> _The task_
Beneath this task are the entries; from the line with "2/34 Collins Street, Heidelberg" through the last one, transcribe every line exactly and nothing else, skipping pictures.

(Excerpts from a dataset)
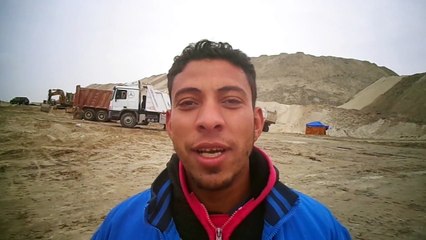 عامل بقناة السويس الجديدة فى موقع الحفر بمنطقة البلاح يناير2015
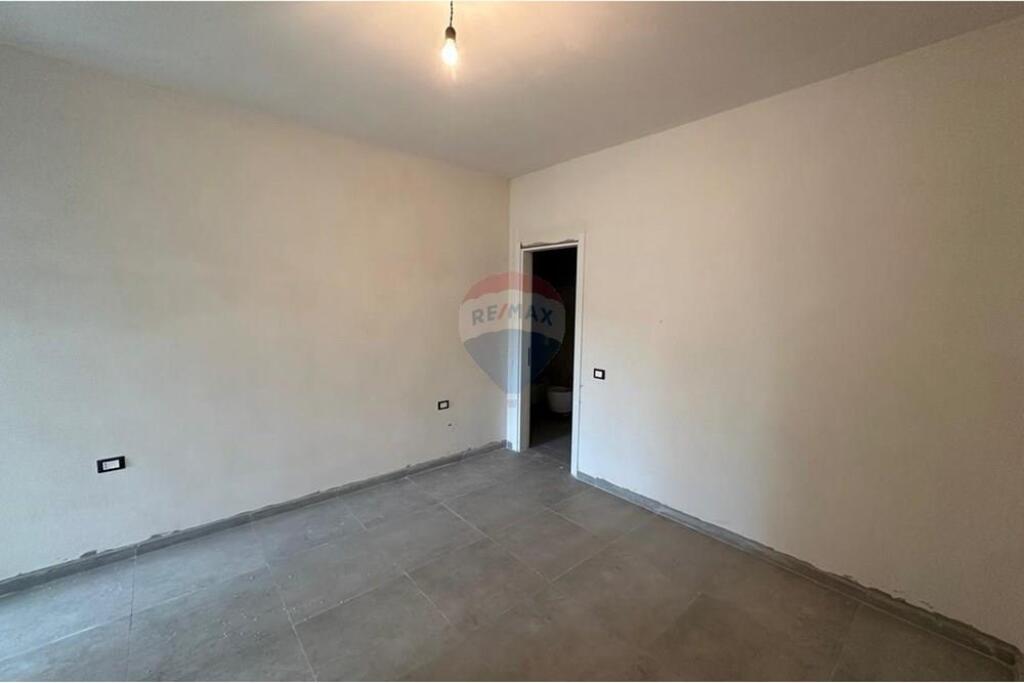 offer 2+1 apartment for sale near the dry lake.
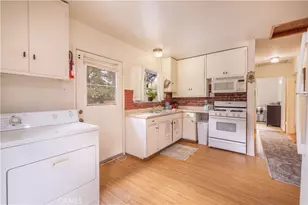 593 Wabash, Sugarloaf, CA 92386 - Photo 15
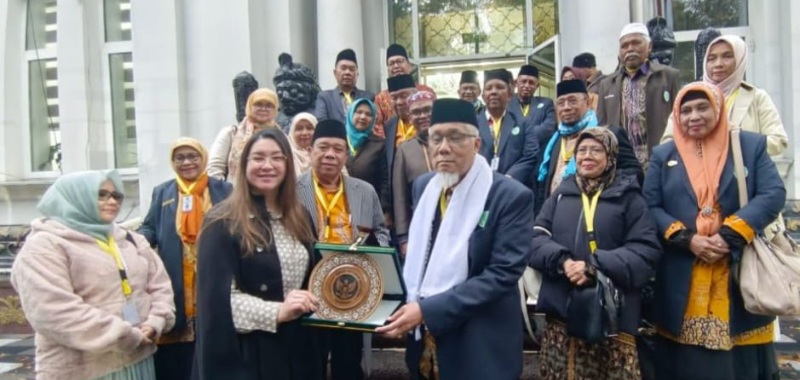 MUI Sumut Kunjungi Kedutaan Besar RI Di Uzbekistan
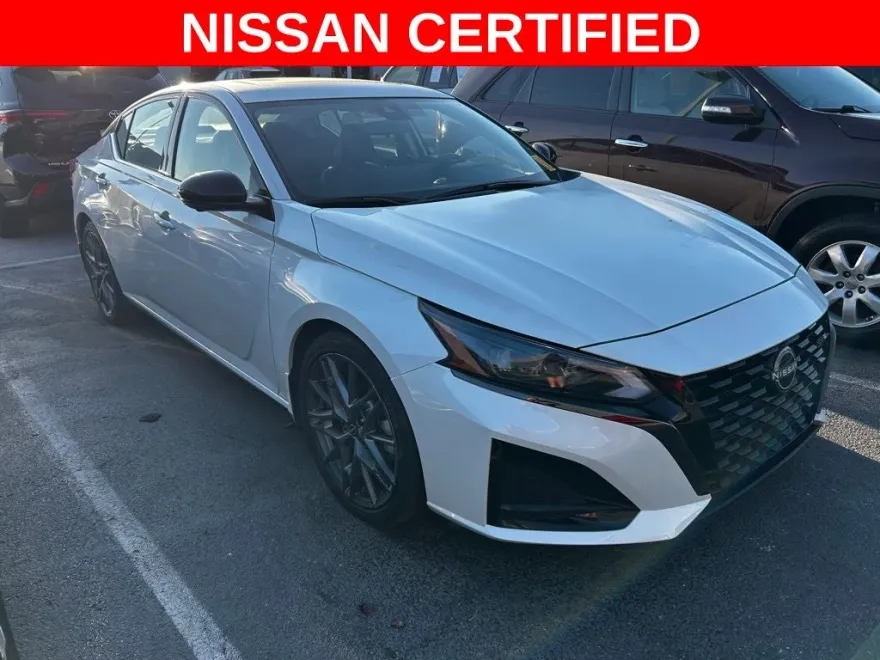 2023 Nissan Altima SR photo 1
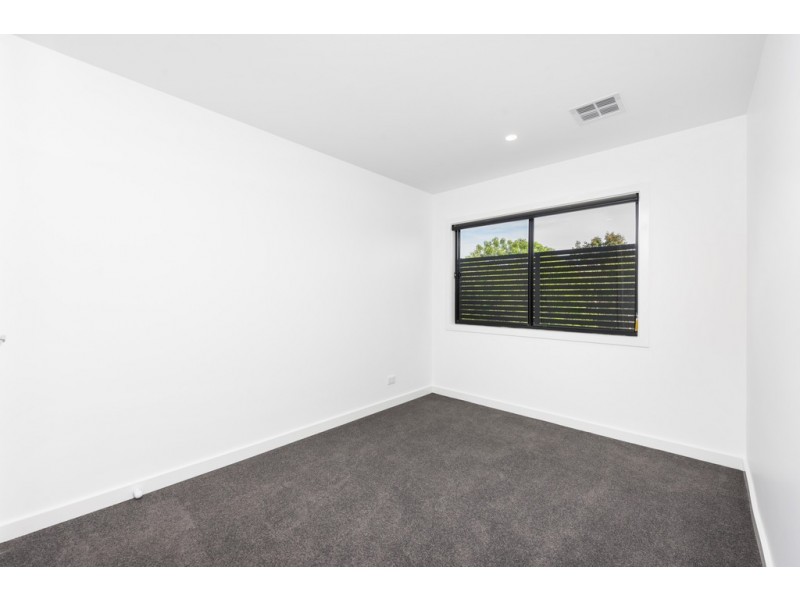 2/34 Collins Street, Heidelberg Heights VIC 3081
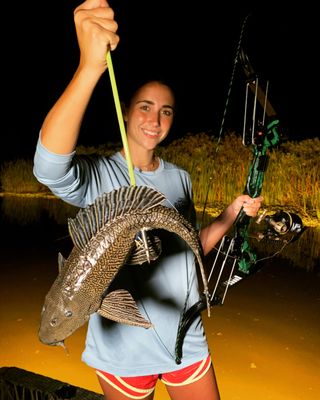 Women Bowfishing on Florida Freshwater!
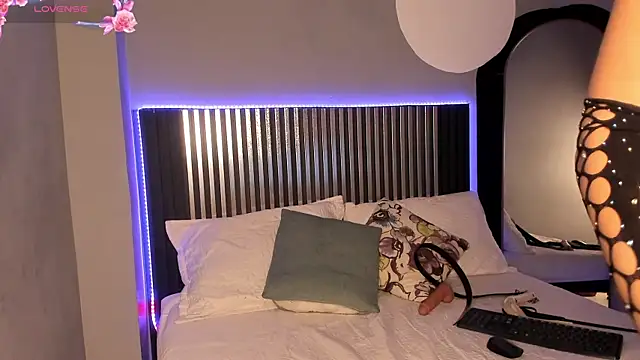 Emilybeltons online show from 10, 10, 2025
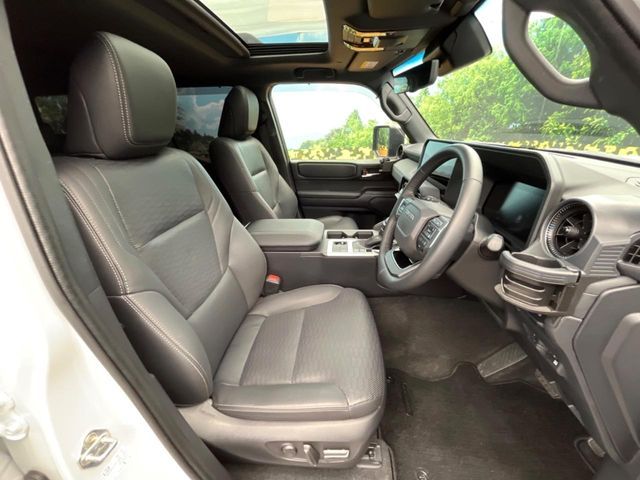 LANDCRUISER 250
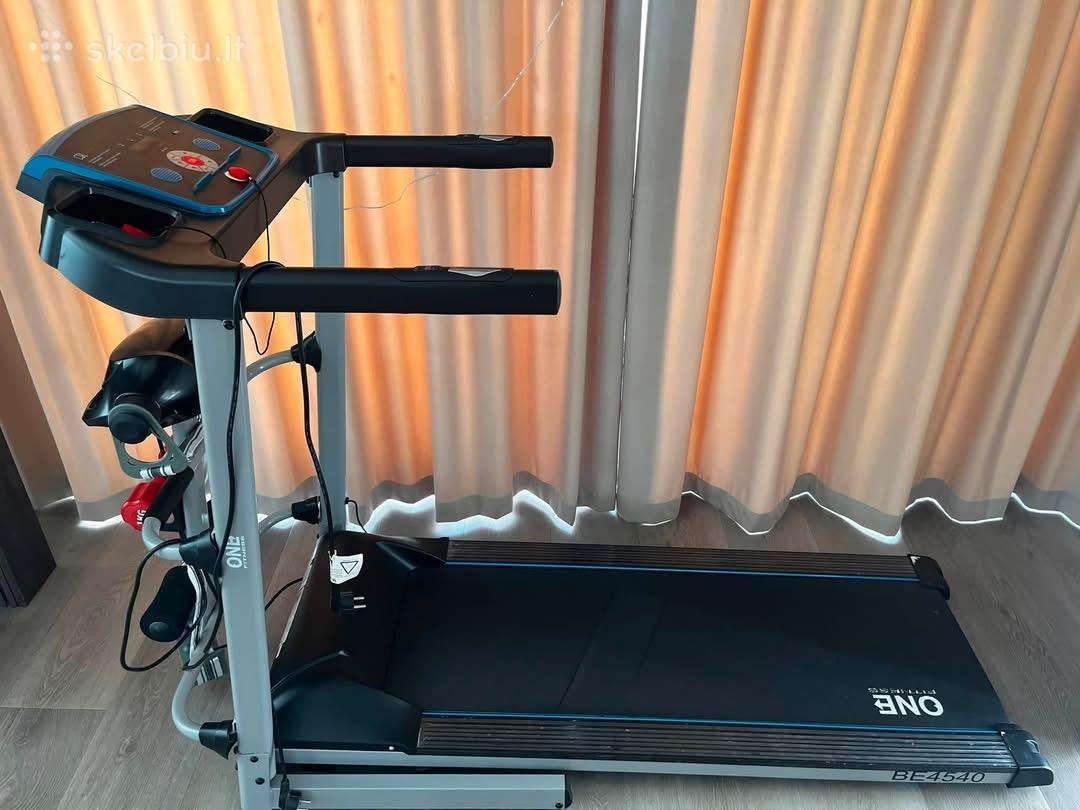 Bėgimo takelis One Fitness Be4540, 1286 W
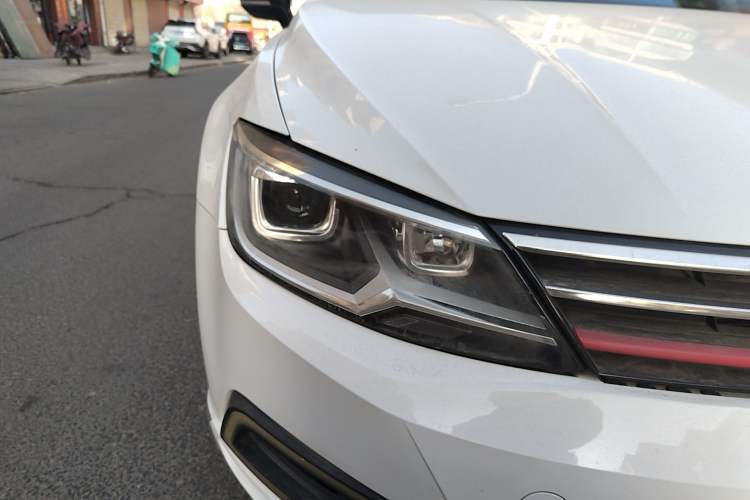 Used Volkswagen Lamando 2015 280TSI Manual Comfort Edition
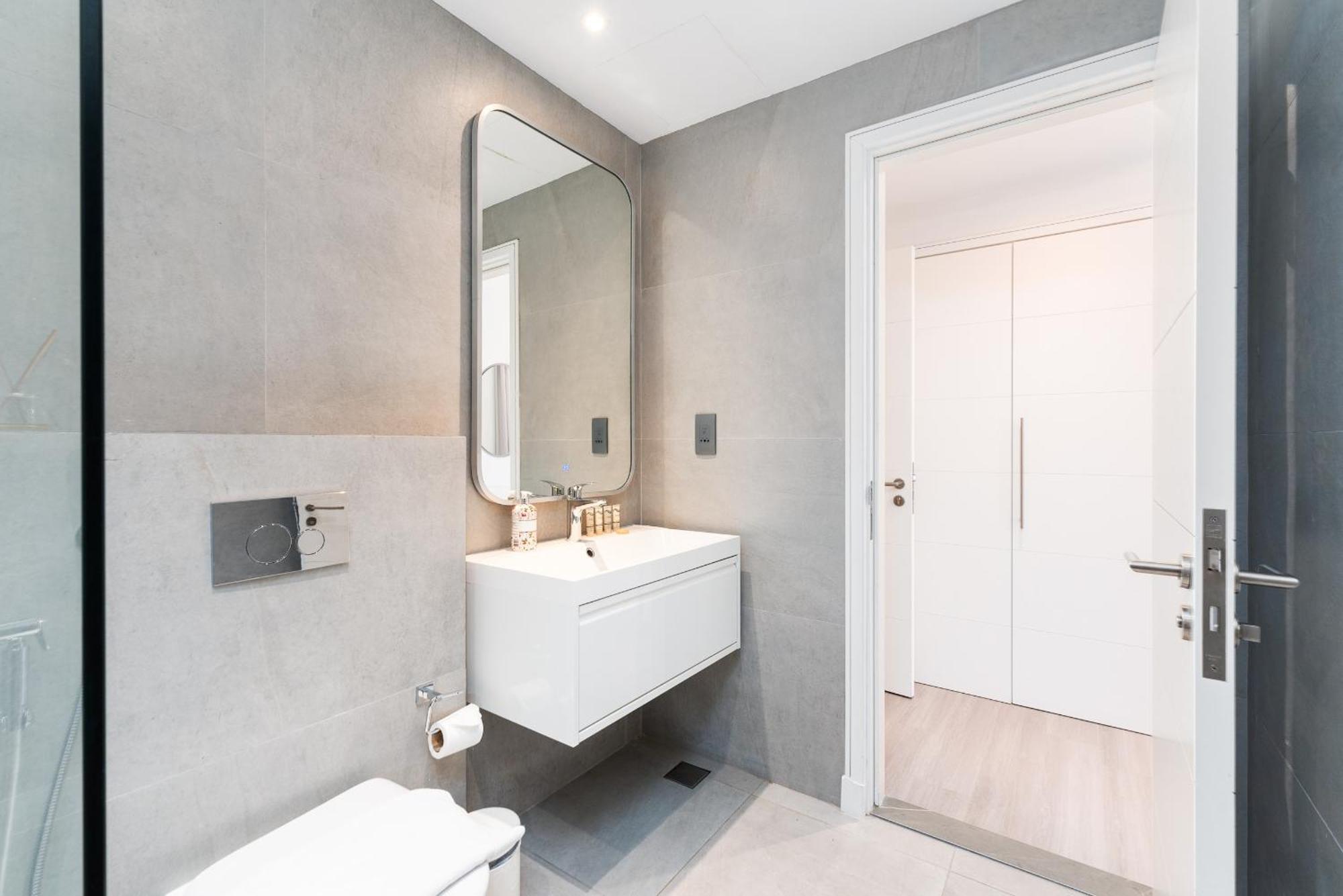 South Ridge 1, Downtown - Mint * Dubai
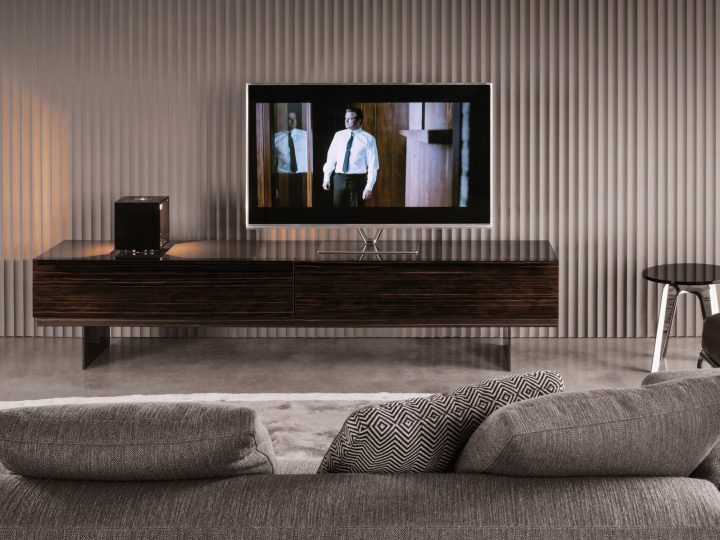 Lang Consolle Console, Minotti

> _Result_
 2/34 Collins Street, Heidelberg Heights VIC 3081
 Women Bowfishing on Florida Freshwater!
 Emilybeltons online show from 10, 10, 2025
 LANDCRUISER 250
 Bėgimo takelis One Fitness Be4540, 1286 W
 Used Volkswagen Lamando 2015 280TSI Manual Comfort Edition
 South Ridge 1, Downtown - Mint * Dubai
 Lang Consolle Console, Minotti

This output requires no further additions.